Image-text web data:
----

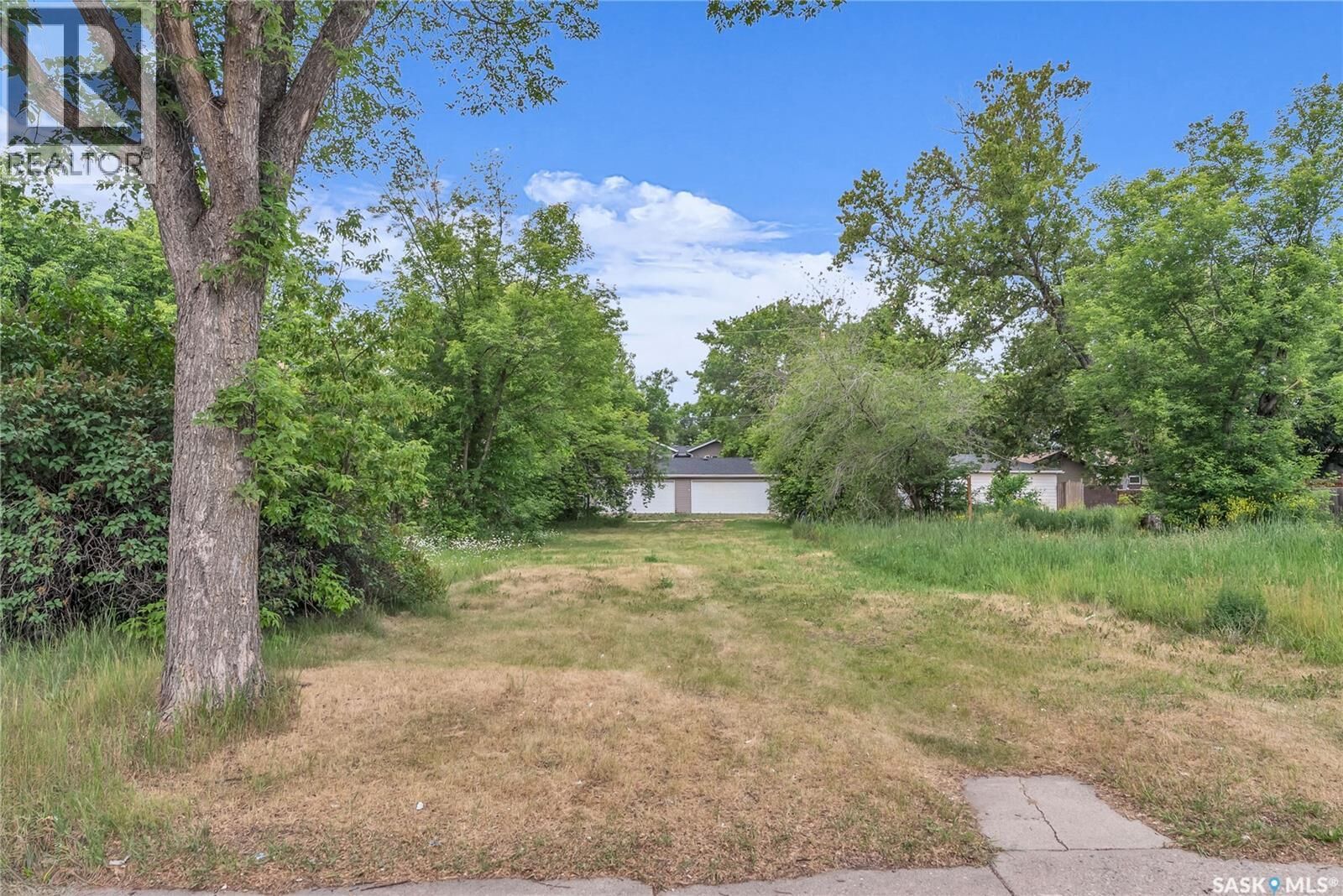 Property Photo:  431B R Avenue S  SK S7M 2Z4 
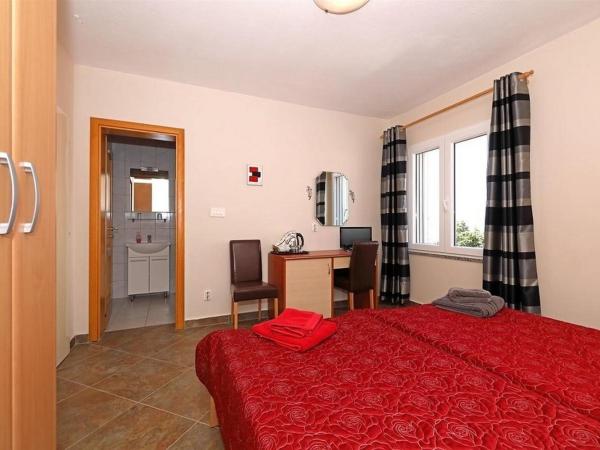 Apartments and rooms by the sea Stara Novalja, Pag - 6303 : photo 2 de la chambre chambre lits jumeaux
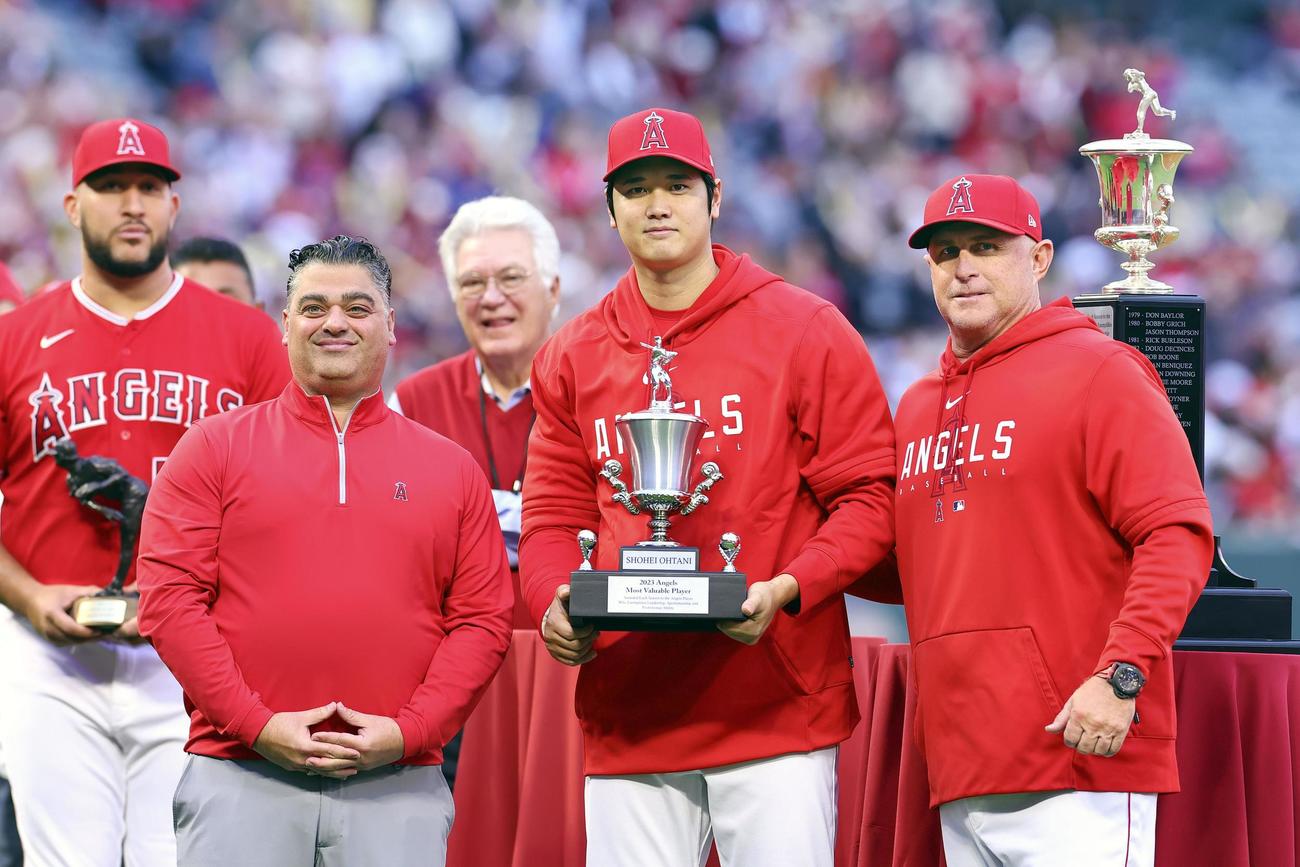 試合前のセレモニーで表彰され記念写真に納まる米大リーグ、エンゼルスの大谷翔平。今季のチームMVPを受賞した。右端はネビン監督、左から2人目はミナシアンGM＝9月30日、アナハイム（代表撮影・共同）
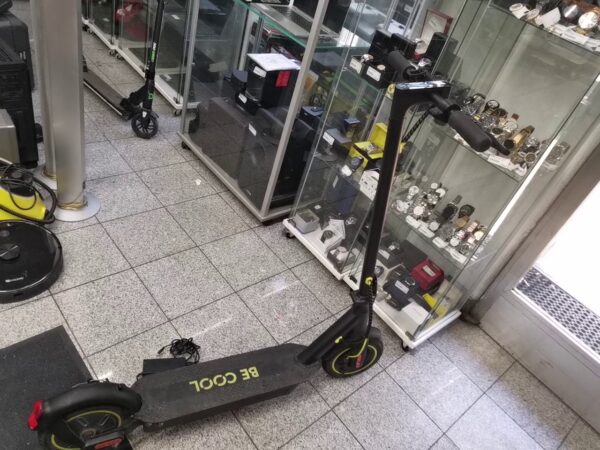 E-scooter Esc-hi2 - E-scooter - Black/yellow | Mit Ladegerät – Bild 3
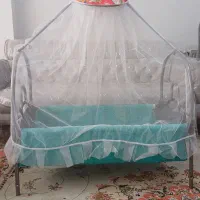 گهواره نوزاد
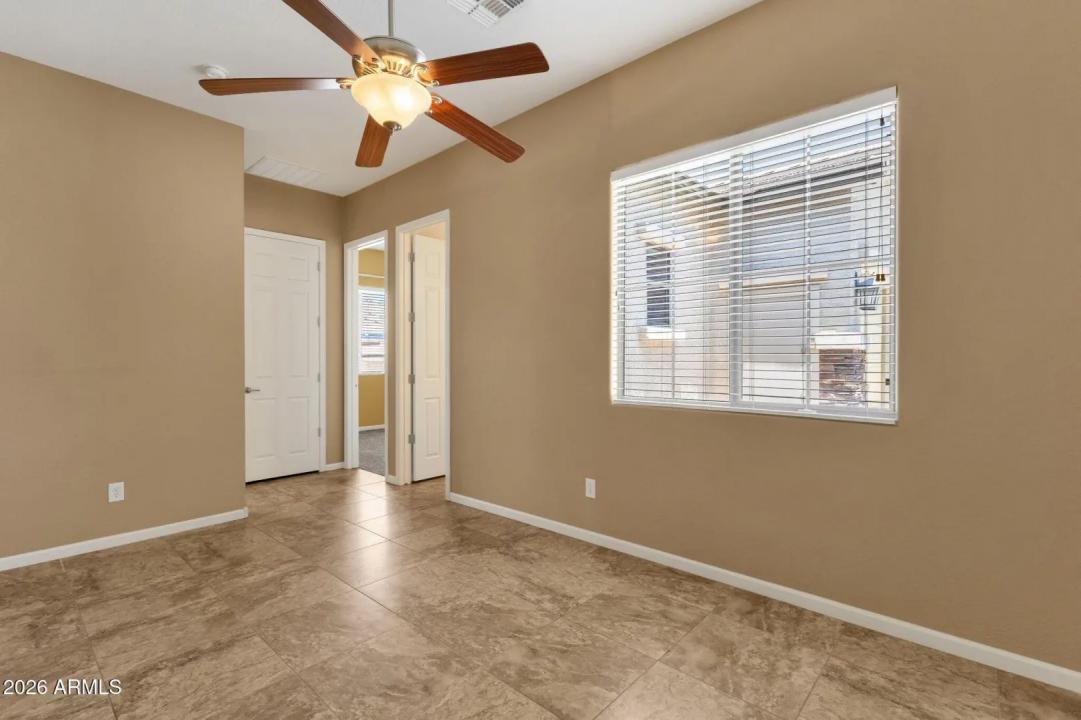 Real Estate Picture 28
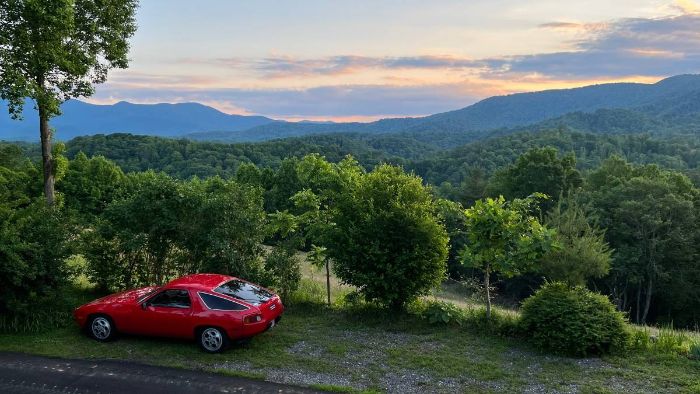Porsche-928-1979-Red-10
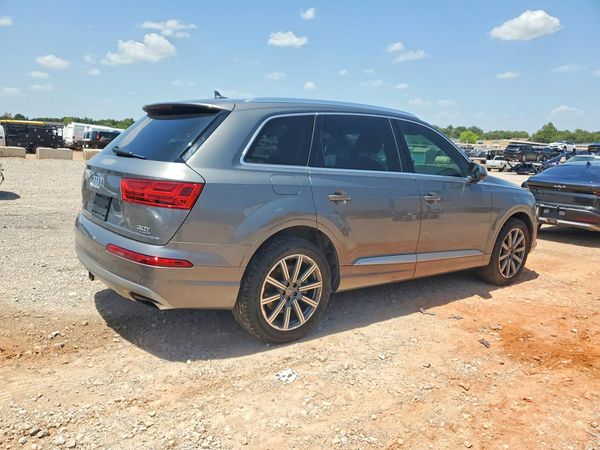 2018 AUDI Q7 quattro Premium
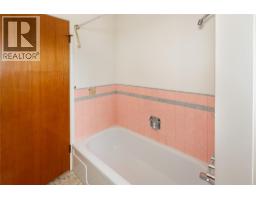 1188&1190 Hartwick Street, Kelowna, British Columbia  V1Y 3P3 - Photo 15 - 10392651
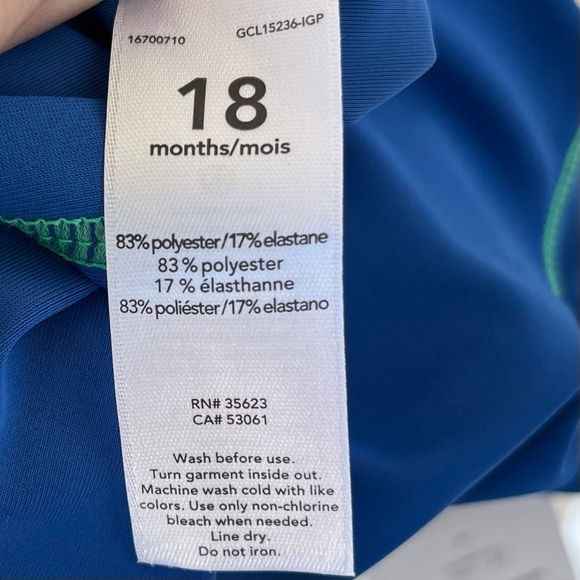 •Carter’s• NWT Short Sleeve Dinosaur RashGuard Romper - Size 18 Months - Picture 8 of 11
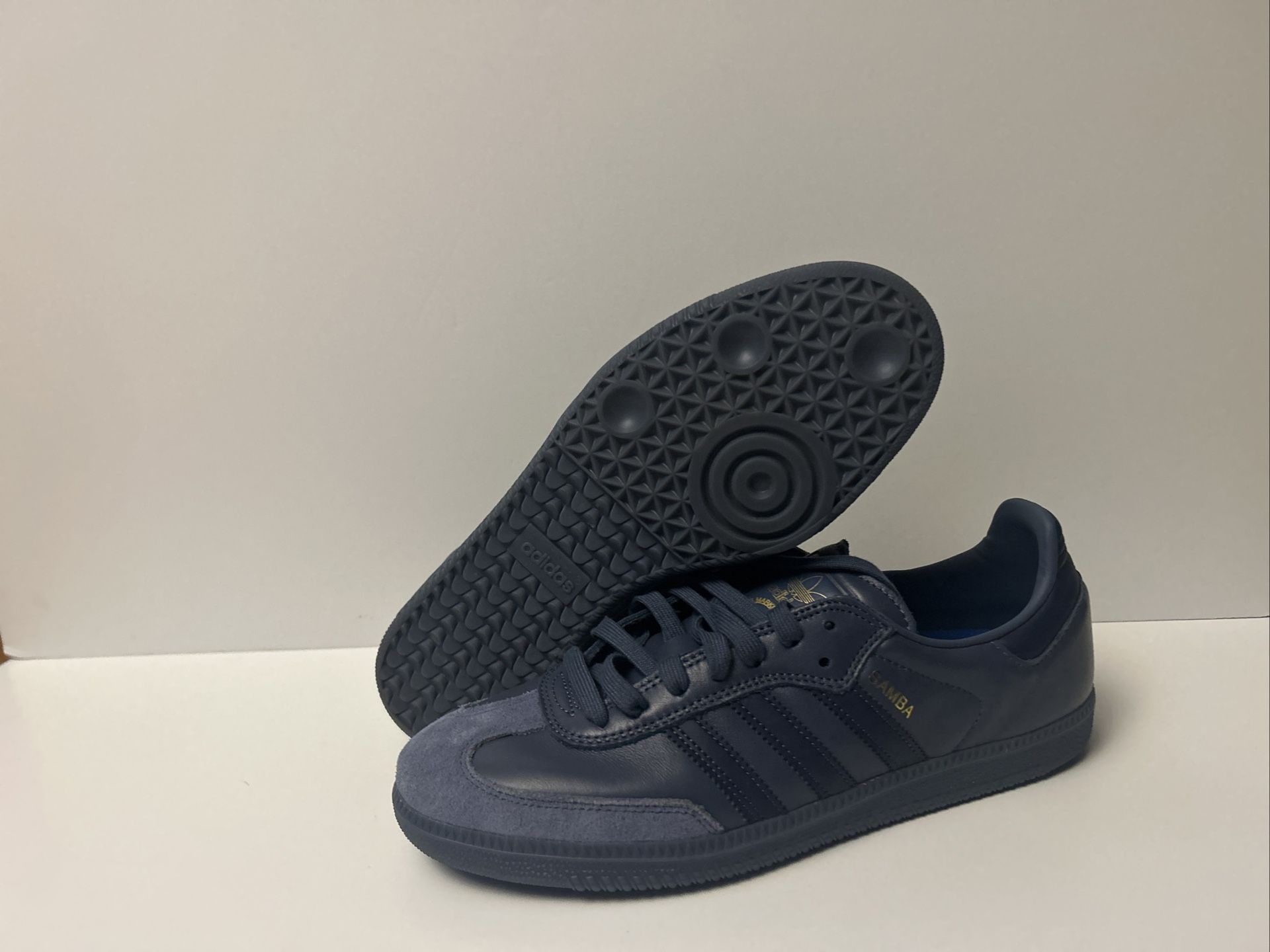 Adidas Samba ADV Preloved Ink Gold Metallic Men's Shoe Size 9.5 (JH8803)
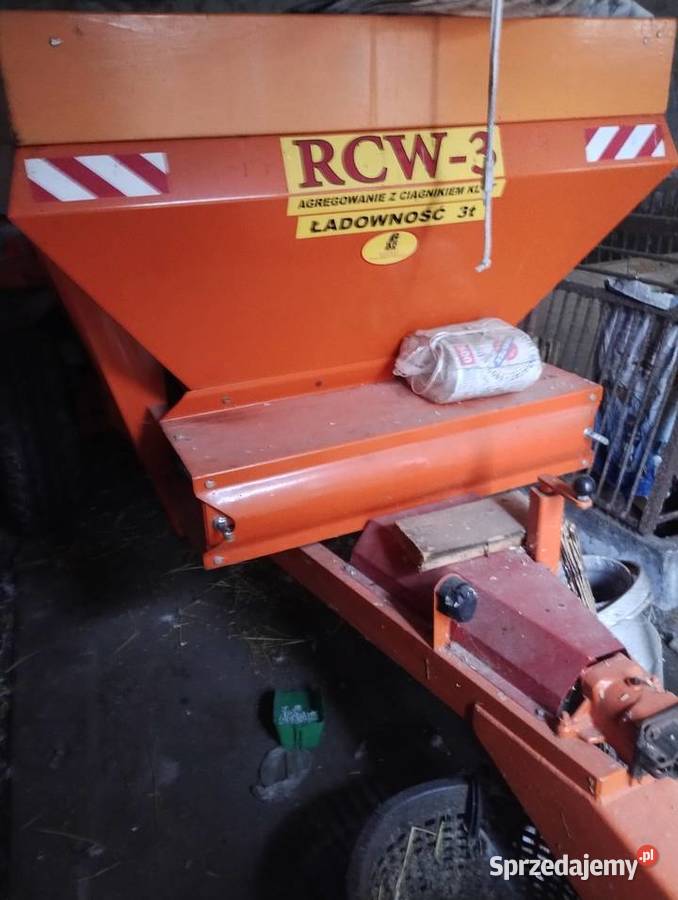 Rozsiewacz wapna nawozów RCW3 Rolnictwo Kutno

----

The entries above are to be restated verbatim, with no pictures carried over.

Answer to this problem:
 Property Photo:  431B R Avenue S  SK S7M 2Z4 
 Apartments and rooms by the sea Stara Novalja, Pag - 6303 : photo 2 de la chambre chambre lits jumeaux
 試合前のセレモニーで表彰され記念写真に納まる米大リーグ、エンゼルスの大谷翔平。今季のチームMVPを受賞した。右端はネビン監督、左から2人目はミナシアンGM＝9月30日、アナハイム（代表撮影・共同）
 E-scooter Esc-hi2 - E-scooter - Black/yellow | Mit Ladegerät – Bild 3
 گهواره نوزاد
 Real Estate Picture 28
Porsche-928-1979-Red-10
 2018 AUDI Q7 quattro Premium
 1188&1190 Hartwick Street, Kelowna, British Columbia  V1Y 3P3 - Photo 15 - 10392651
 •Carter’s• NWT Short Sleeve Dinosaur RashGuard Romper - Size 18 Months - Picture 8 of 11
 Adidas Samba ADV Preloved Ink Gold Metallic Men's Shoe Size 9.5 (JH8803)
 Rozsiewacz wapna nawozów RCW3 Rolnictwo Kutno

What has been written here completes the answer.